» TASK STATEMENT
The answer must be every line of the records below that contains the word "with".

» DATASET RECORDS
Start of Block

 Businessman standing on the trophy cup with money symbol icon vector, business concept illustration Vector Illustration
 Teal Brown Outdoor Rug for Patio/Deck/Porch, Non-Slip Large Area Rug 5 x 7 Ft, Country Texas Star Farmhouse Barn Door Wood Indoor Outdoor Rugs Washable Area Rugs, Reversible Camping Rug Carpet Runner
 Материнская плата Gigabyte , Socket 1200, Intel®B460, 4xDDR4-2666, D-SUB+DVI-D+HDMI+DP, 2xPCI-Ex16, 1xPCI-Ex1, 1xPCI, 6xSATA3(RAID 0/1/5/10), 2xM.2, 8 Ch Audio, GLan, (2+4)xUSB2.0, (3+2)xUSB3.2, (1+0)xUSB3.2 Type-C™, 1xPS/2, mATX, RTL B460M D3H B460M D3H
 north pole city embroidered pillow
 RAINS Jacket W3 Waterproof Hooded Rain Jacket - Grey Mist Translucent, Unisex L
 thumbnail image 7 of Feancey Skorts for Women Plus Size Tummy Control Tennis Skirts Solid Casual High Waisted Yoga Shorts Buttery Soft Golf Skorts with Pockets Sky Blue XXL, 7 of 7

End of Block
Start of Block

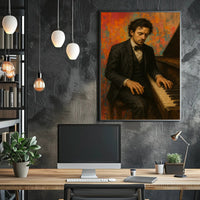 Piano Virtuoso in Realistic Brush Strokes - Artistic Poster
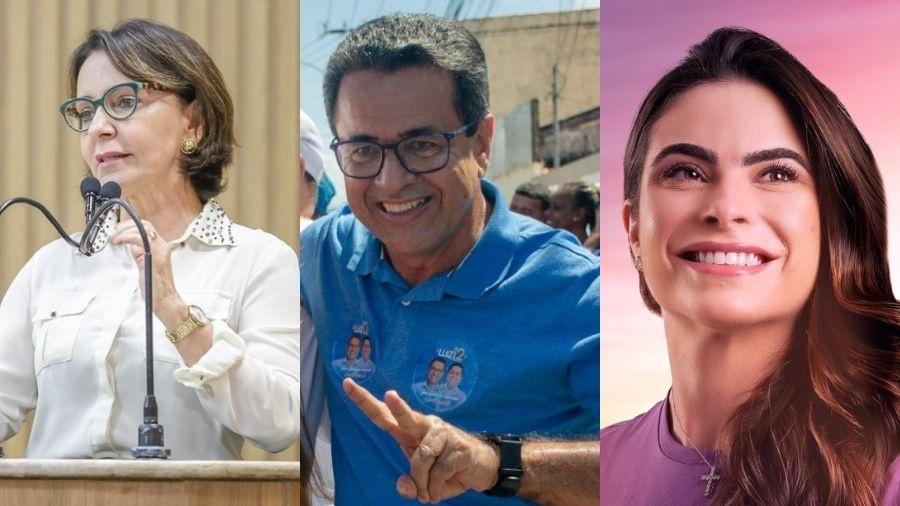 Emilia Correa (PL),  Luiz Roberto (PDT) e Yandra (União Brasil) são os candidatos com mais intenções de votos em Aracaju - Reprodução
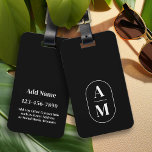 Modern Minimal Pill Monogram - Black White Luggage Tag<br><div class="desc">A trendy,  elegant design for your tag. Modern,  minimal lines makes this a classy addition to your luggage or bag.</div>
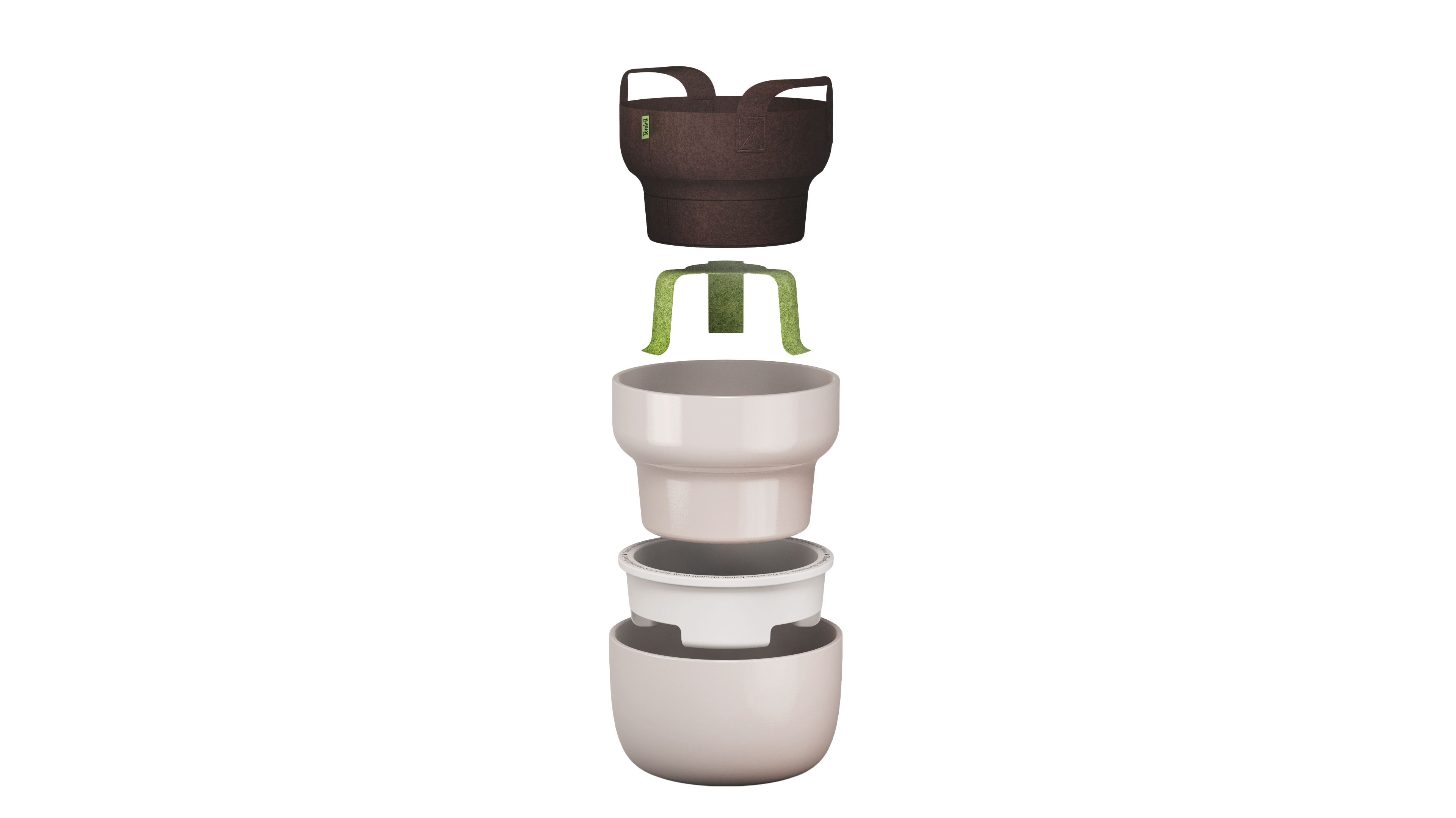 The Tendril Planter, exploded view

End of Block

» REPLY TO THE TASK
 Businessman standing on the trophy cup with money symbol icon vector, business concept illustration Vector Illustration
 thumbnail image 7 of Feancey Skorts for Women Plus Size Tummy Control Tennis Skirts Solid Casual High Waisted Yoga Shorts Buttery Soft Golf Skorts with Pockets Sky Blue XXL, 7 of 7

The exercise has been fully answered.